51 Par conséquent, il doit être constaté que, aux fins de l’adoption de la décision attaquée, la Commission n’a pas examiné la question de savoir si la mesure contestée ne procurait pas un avantage indirect aux organismes auxquels les titulaires de licences devaient verser une partie de leurs recettes. Ce faisant, elle a exclu sans plus de précisions que cette question puisse susciter des difficultés sérieuses dans la qualification de la mesure contestée en tant qu’aide d’État, que seule la procédure formelle d’examen aurait permis d’élucider. Or, du fait de l’absence totale d’instruction appropriée par la Commission, au stade de l’examen préliminaire, de la question de savoir si la mesure contestée ne procurait pas un avantage indirect à ces organismes, et ce alors même que le versement d’une partie des recettes générées par l’activité des titulaires de licences à des organismes d’intérêt général désignés par ces licences constituait l’une des caractéristiques principales de la réglementation litigieuse, l’absence d’examen de cette question dans la décision attaquée ne permet pas d’exclure l’existence de difficultés sérieuses en ce qui la concerne.

52 Dans ces circonstances, la troisième branche du premier moyen doit être accueillie en ce qu’elle concerne le grief tiré des avantages indirects accordés aux organismes auxquels les titulaires de licences doivent verser une partie de leurs recettes générées par les activités de jeux de hasard, sans qu’il soit nécessaire d’examiner les autres arguments avancés par la requérante dans le cadre des première et deuxième branches.

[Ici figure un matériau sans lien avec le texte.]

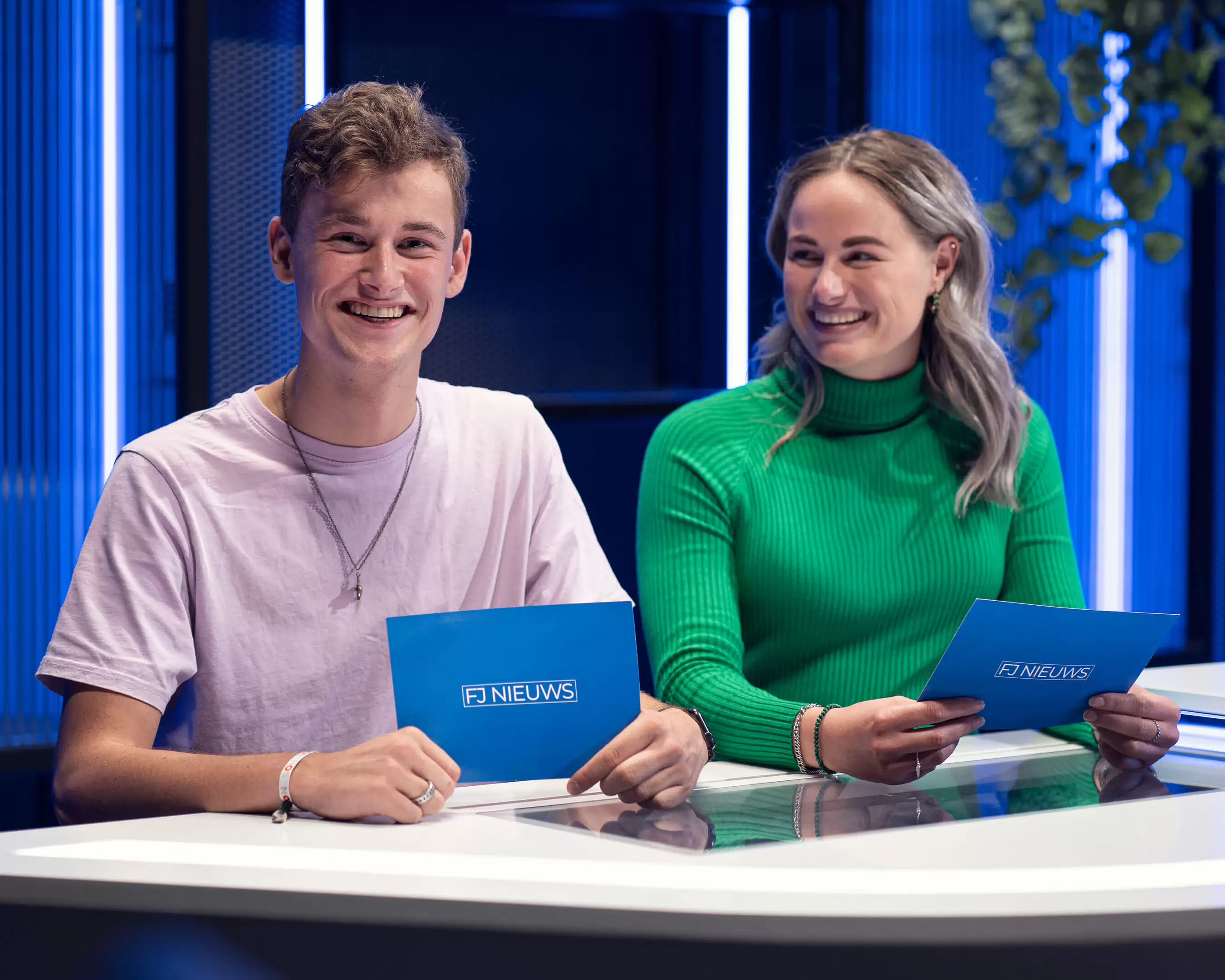 Student van opleiding Journalistiek is aan het oefenen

53 La décision attaquée doit, dès lors, être annulée sans qu’il soit besoin d’examiner le second moyen invoqué.

 Sur les dépens

54 Aux termes de l’article 134, paragraphe 1, du règlement de procédure du Tribunal, toute partie qui succombe est condamnée aux dépens, s’il est conclu en ce sens. La Commission ayant succombé, il y a lieu de la condamner à supporter, outre ses propres dépens, ceux exposés par la requérante, conformément aux conclusions de cette dernière.

55 Par ailleurs, en vertu de l’article 138, paragraphe 1, du règlement de procédure, les États membres et les institutions qui sont intervenus au litige supportent leurs propres dépens.

56 Il convient donc de juger que le Royaume des Pays-Bas supportera ses propres dépens.

Par ces motifs,

LE TRIBUNAL (neuvième chambre)

déclare et arrête :

1) La décision C(2020) 8965 final de la Commission, du 18 décembre 2020, relative à l’affaire SA.44830 (2016/FC) – Pays-Bas – Prolongation des licences de jeux de hasard aux Pays-Bas, est annulée.

2) La Commission européenne est condamnée à supporter ses propres dépens ainsi que ceux exposés par European Gaming and Betting Association.

3) Le Royaume des Pays-Bas supportera ses propres dépens.